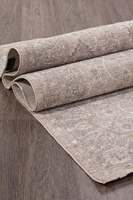Ковер Indira 636 light grey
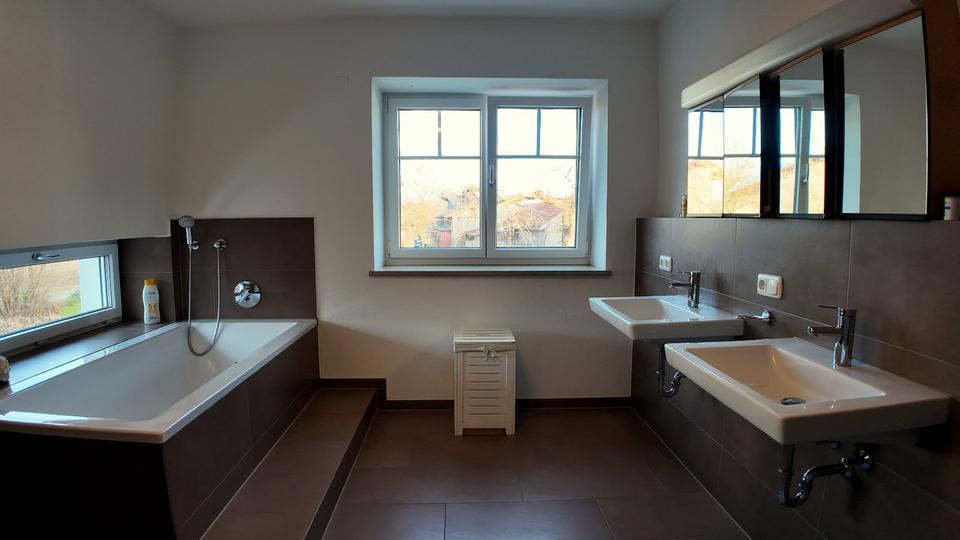 Einfamilienhaus Bad Wörishofen - 6 Zimmer, 266 m&sup2;, 820.000&euro; | Angebot:24704230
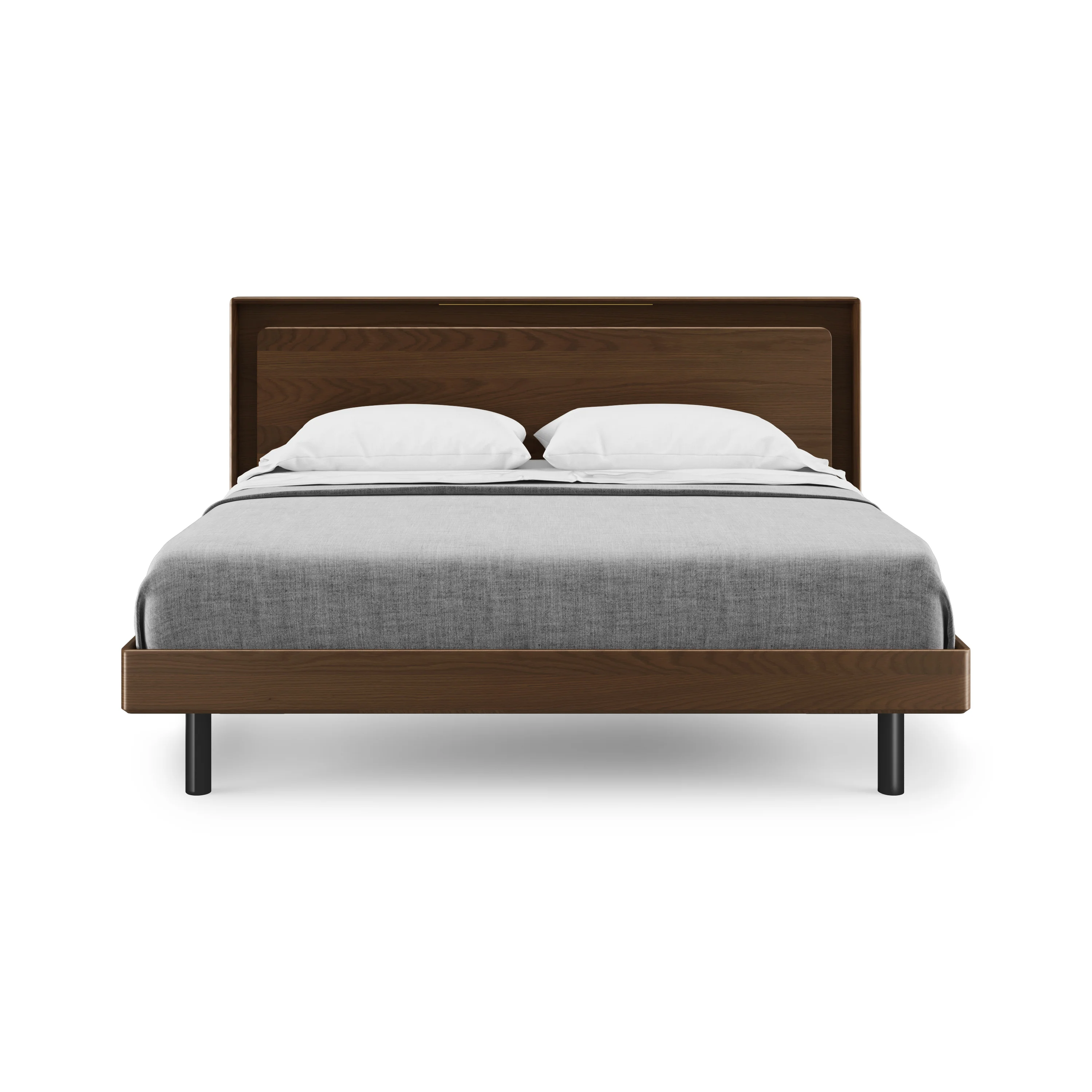 Up-Linq Bed - Image 42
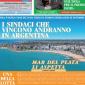 IschiamondoMaggio07_Pagina_01 (2)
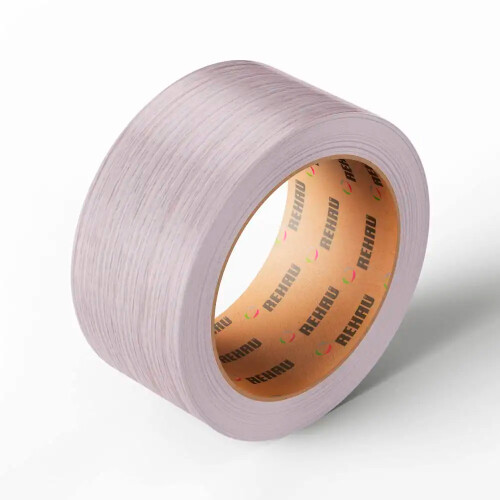 Fita-de-Borda-PVC-Teka-Artico-100mm-x-20m-Arauco-Rehau-1-LARHMAD838.jpg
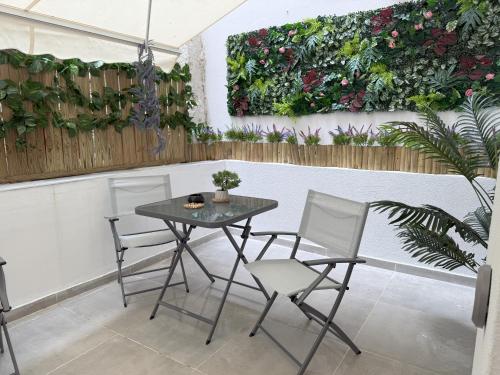 Smart Athens Stay, Studio Near Acropolis & Metro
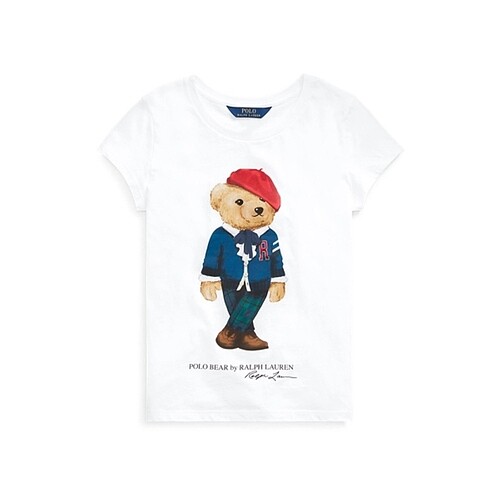 Ralph Lauren Tshirt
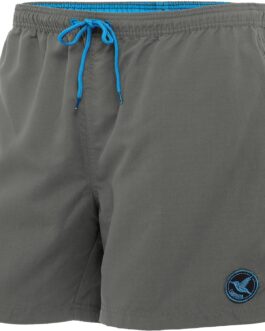 Ladeheid LA40-128 Men’s Swimming Trunks, Beach Shorts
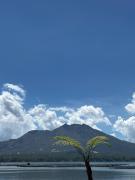 Surya Camp Buahan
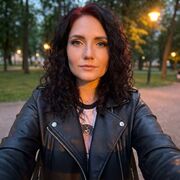 ���������� �����������, �����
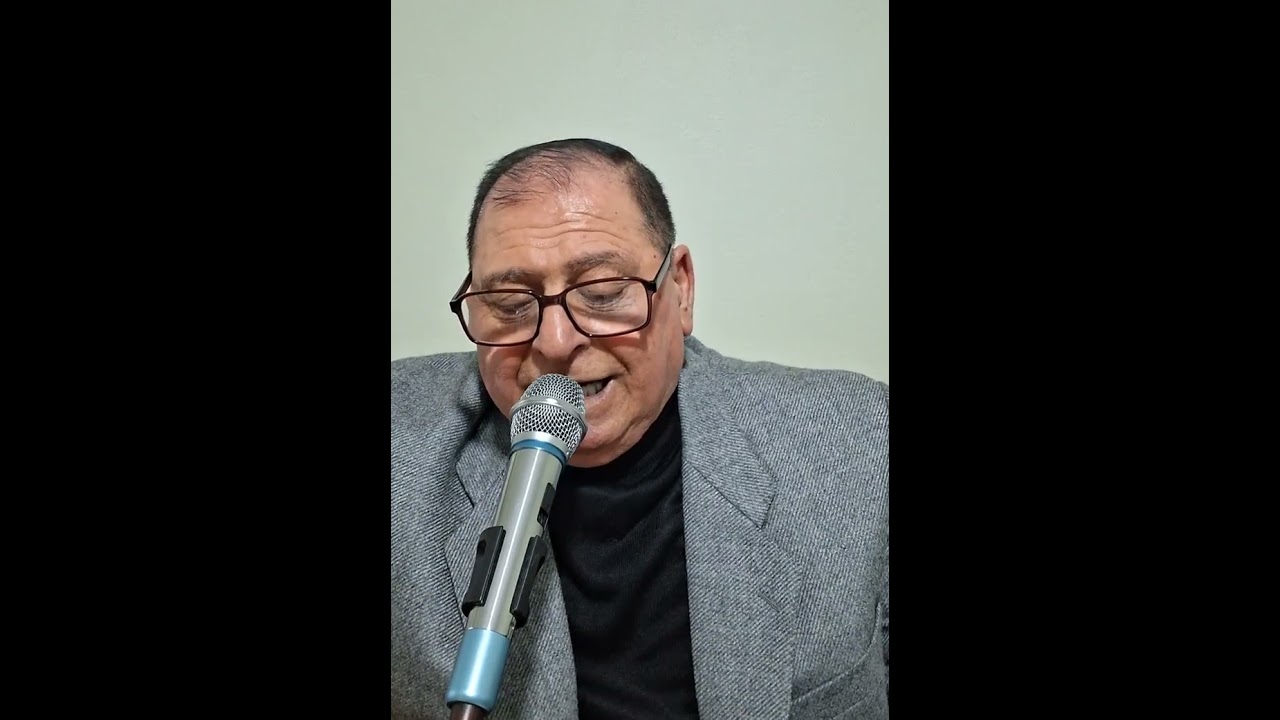 Yemekler destanı söz  Aşık murat karahanlı 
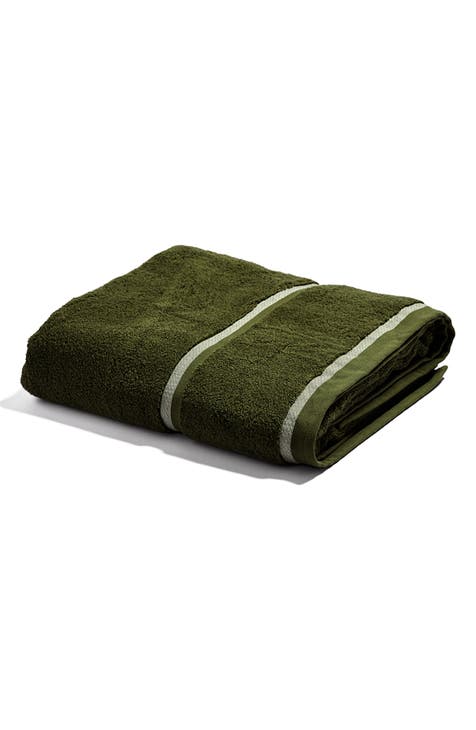 Bath Towels | Nordstrom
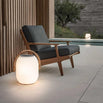 Cocoon Lantern (4649693872188)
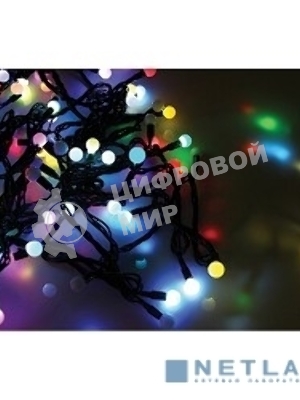 Гирлянда Neon-night 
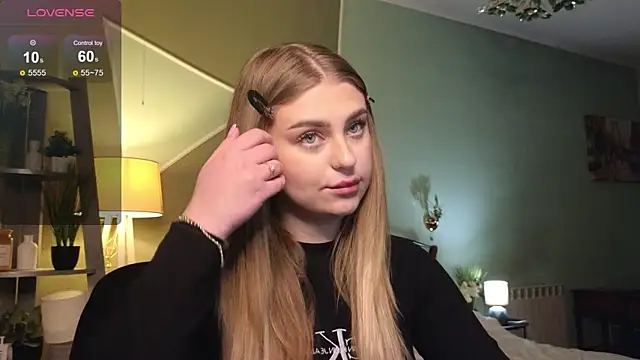 edaachi online show from 02/22/25, 08:31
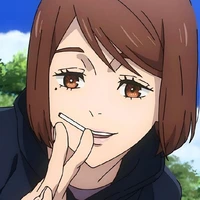 Shoko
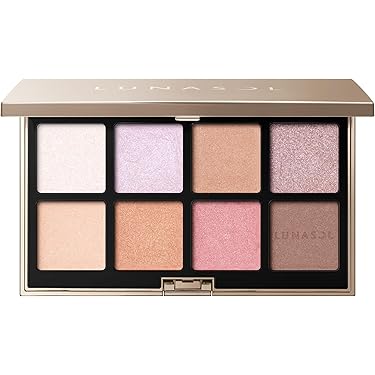 Amazon.co.jp 最新リリース: アイシャドウ の新着ランキングです。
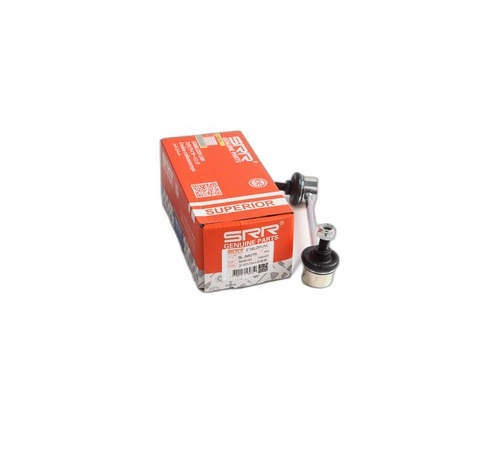 Стойка стабилизатора переднего R SRR OE SL-56075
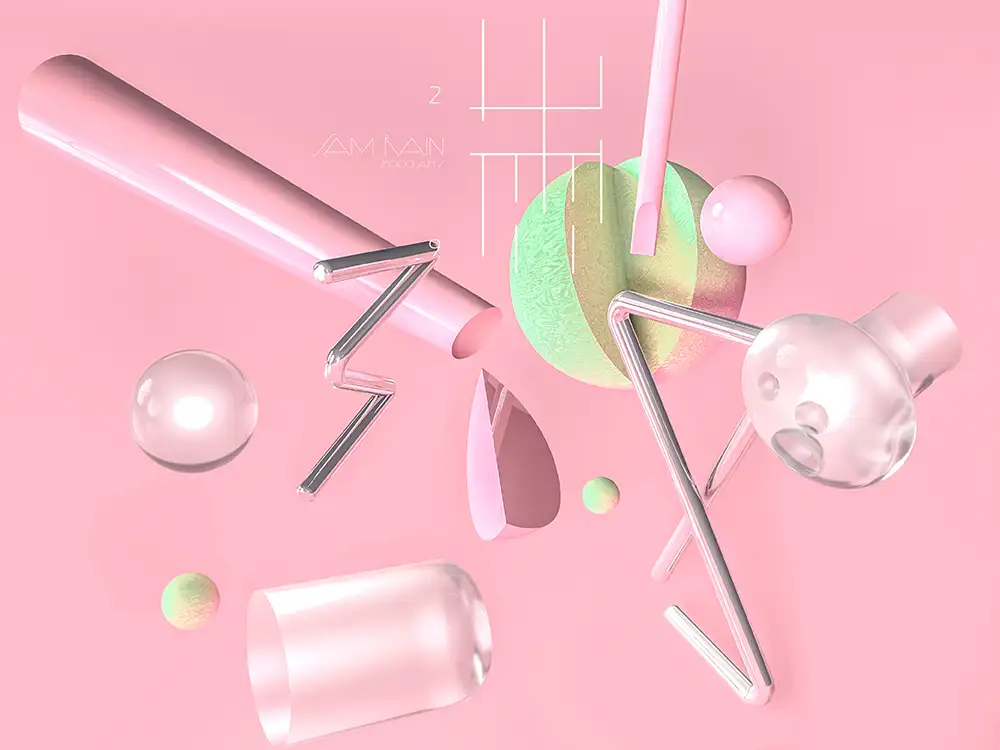 三八节 - C4D之家 - 未标题-1-04.jpg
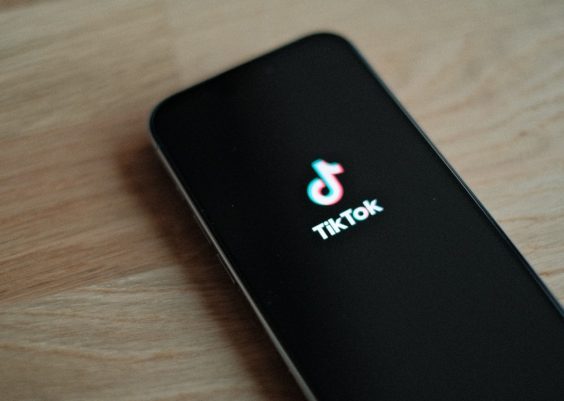 How user-friendly are TikTok ads tools for beginners?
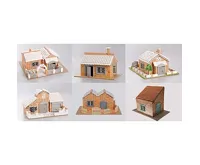 Kids World Stavebnice stavitel 30v1 (5)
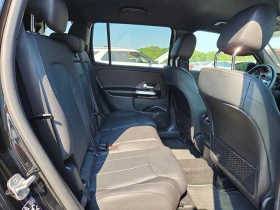 Mercedes-Benz GLB 2.0l 250 4Matic | Mobile.bg � ����� ������ 11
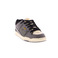 Globe sneakers grau 2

···

### Assignment
The expected answer is the data retyped exactly, without pictures.

### Finished exercise
Ковер Indira 636 light grey
 Einfamilienhaus Bad Wörishofen - 6 Zimmer, 266 m&sup2;, 820.000&euro; | Angebot:24704230
 Up-Linq Bed - Image 42
 IschiamondoMaggio07_Pagina_01 (2)
 Fita-de-Borda-PVC-Teka-Artico-100mm-x-20m-Arauco-Rehau-1-LARHMAD838.jpg
 Smart Athens Stay, Studio Near Acropolis & Metro
 Ralph Lauren Tshirt
 Ladeheid LA40-128 Men’s Swimming Trunks, Beach Shorts
 Surya Camp Buahan
 ���������� �����������, �����
 Yemekler destanı söz  Aşık murat karahanlı 
 Bath Towels | Nordstrom
 Cocoon Lantern (4649693872188)
 Гирлянда Neon-night 
 edaachi online show from 02/22/25, 08:31
 Shoko
 Amazon.co.jp 最新リリース: アイシャドウ の新着ランキングです。
 Стойка стабилизатора переднего R SRR OE SL-56075
 三八节 - C4D之家 - 未标题-1-04.jpg
 How user-friendly are TikTok ads tools for beginners?
 Kids World Stavebnice stavitel 30v1 (5)
 Mercedes-Benz GLB 2.0l 250 4Matic | Mobile.bg � ����� ������ 11
 Globe sneakers grau 2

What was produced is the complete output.